It will be appreciated that during this cutting operation, as the gantry 110 moves in the forward direction, indicated by the arrow 114, the cutting torches precede the gantry 110 and are thus clearly in view, so that they can be adjusted, as in the event that the plate 90 appears to have been misaligned, and so that it is generally easier to visually monitor the progress of the cutting operation.

When the skin plates 90 for both sides of a hydrofoil structure 26 have been bent and cut into the several skin parts as described above, assembly of the hydrofoil structure is performed by first assembling three separate structural sections, the nose structural section 30, the middle structural section 32, and the tail structural section 34. The structural sections 30, 32, and 34 are then fitted together to form the completed hydrofoil structure 26.

To assemble the middle structural section 32 a skin part such as the bottom middle skin part 58 is placed on an assembly table 166 and clamped to the table top in a predetermined position, as by the use of a suitable hydraulic or mechanical clamp 168, as shown in FIG. 9. The table 166 may be provided with profiled pieces to support the curved shape of the skin section 58 accurately.

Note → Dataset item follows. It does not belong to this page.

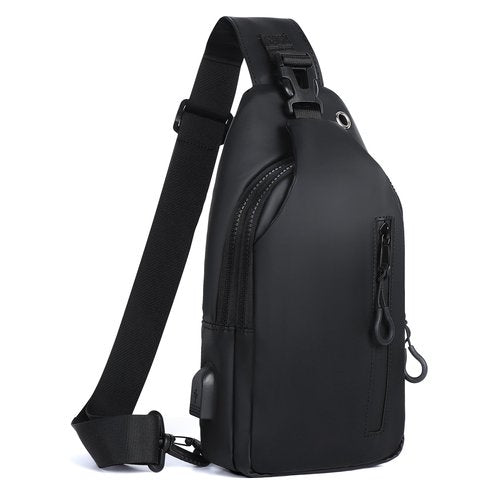 VALUEQLO Sling Bag for Men, Waterproof Chest Pack with USB Charging Port and Headphone Hole, Adjustable Left/Right Shoulder Crossbody Bag for Travel, Sport, Hiking, Running,Black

Additional clamps (not shown) may be desirable to hold the skin part 58 in the desired position and keep it flat upon the top of the table 166, in order to overcome internal stresses within the middle section bottom skin part 58 which may have been released as a result of cutting the skin plate 90 into the several parts.

The table 166 may also be provided with several accurately located alignment stanchions 170 near which the skin part 58 may be placed and which are aligned perpendicular to the top of the table 166 to act as guides for alignment of the several webs 50 and the girder 52. The girder 52 is located as required along a margin of the skin part 58 and clamped to the stanchions 170, where it is held while it is securely tack welded to the middle bottom skin part 58. The webs 50 are then securely tack welded to the inner surface of the bottom middle skin part 58 and to the girder 52 in their predetermined locations, which may have been etched or scribed on the surface of the skin plate 90 before it was cut into the separate nose, middle, and tail skin parts. The girder 52 extends beyond the edge of the margin surface 158 to be used in interconnecting the middle structural section 32 with the nose structural section 30. Next, the girder plate member 54 may be securely tack welded to the opposite margin of the skin part 58 and to the webs 50, while the bottom middle skin part 58 remains clamped to the table 166. This forms a three sided box structure with the parallel webs 50 spaced apart along the structure.

Next, as shown in FIG. 10, the bottom skin part 58 is released from the table top and the partially assembled middle structural section is then rolled 90 degrees and the webs 50 may be more completely welded to the girders 52 and d54 and to the bottom skin part 58 to structurally unite the webs 50, girders 52 and 54, and the skin sheet 58.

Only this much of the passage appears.